With strategic use of grasses, border plants and groundcovers, you can maintain your garden without hourslong sprinkler runs.

  • Siskiyou Pink gaura, a native of southern Oregon, has feathery, red-tinged leaves and delicate flowers that bloom from spring to fall.
  • Perfect for a water-wise country garden is Huntington Carpet creeping rosemary. It’s fragrant, edible and evergreen — and grows well in containers.
  • Fire Spinner ice plant is so sturdy that it’s used to landscape California highways.
  • Elijah Blue fescue, a clump-forming grass with long, bluish-gray leaves, thrives on neglect.

Showy flowers

You can achieve a lush tropical oasis without monsoon levels of water. These plants bloom brilliantly without daily watering, and can be planted in containers.

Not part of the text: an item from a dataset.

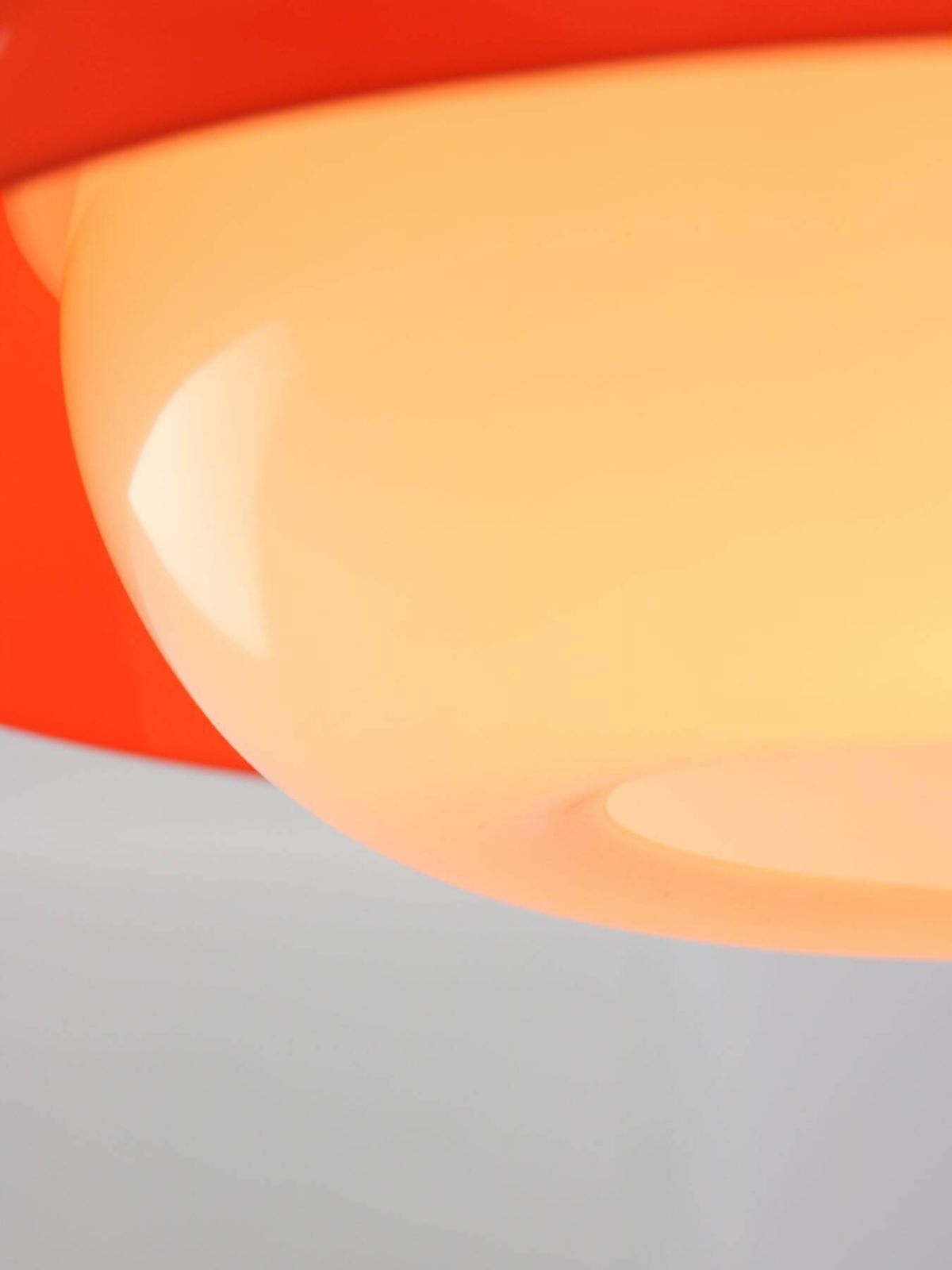 photo vintage Space Age Italian Orange Acrylic Glass Pendant Lamp, 1970s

  • Fuchsia climbing plant Sharon Wesley bougainvillea can cover walls, arches, trellises and fences; bougainvillea also comes in white, pink, orange and purple.
  • Belgian Hybrid Orange clivia has strappy dark green foliage and bodacious clusters of vermilion blossoms that transform a back patio into a Hawaiian lanai.
  • Berries Jubilee woodbine honeysuckle is a cold-hardy climbing vine that produces copious cream-colored flowers and glossy red berries attractive to birds.
  • The fuzzy flowers on the kangaroo paw plant really do resemble little kangaroo paws.

Cacti and succulents

Not all cactus, agave, yucca or aloe plants are covered with forbidding spines. Several varieties can handle cold weather. Grow these clustered in containers.

  • Ruffled Red echeveria has thick, undulating mauve and seafoam-green leaves that resemble a bumpy cow’s tongue. It’s a perfect centerpiece for a container.
  • Krebs Desert Bloom hens and chicks has dark green, burgundy and grape-gray leaves that stand out from similar plants.
  • The Blue Flame cactus is prized by succulent collectors; it can run $40 to $60 for a 4-inch plant.
  • The large Santa Rita prickly pear cactus sports matte lavender and periwinkle paddles, Beware: the splintery prickles are not great for gardens with kids or pets.

Shrubs and trees

Woody plants add structure to your garden. These trees and shrubs don’t require much water once established, but wait until late fall before planting to let them settle in before spring.

  • Scarlet Bottlebrush is an Australian evergreen with brushy cerise flowers that tolerates a range of terrible growing conditions: lean soil, hot weather and low water.
  • Slender, deciduous crape myrtle trees range from 4 feet to a lofty 25 feet tall, and produce showy blooms.
  • Moon Lagoon dwarf eucalyptus has fragrant, silvery-sage leaves; plant it near windows. Cider gum eucalyptus is more cold-hardy.
  • Desert willow’s rhododendron-like flowers are a hit with hummingbirds.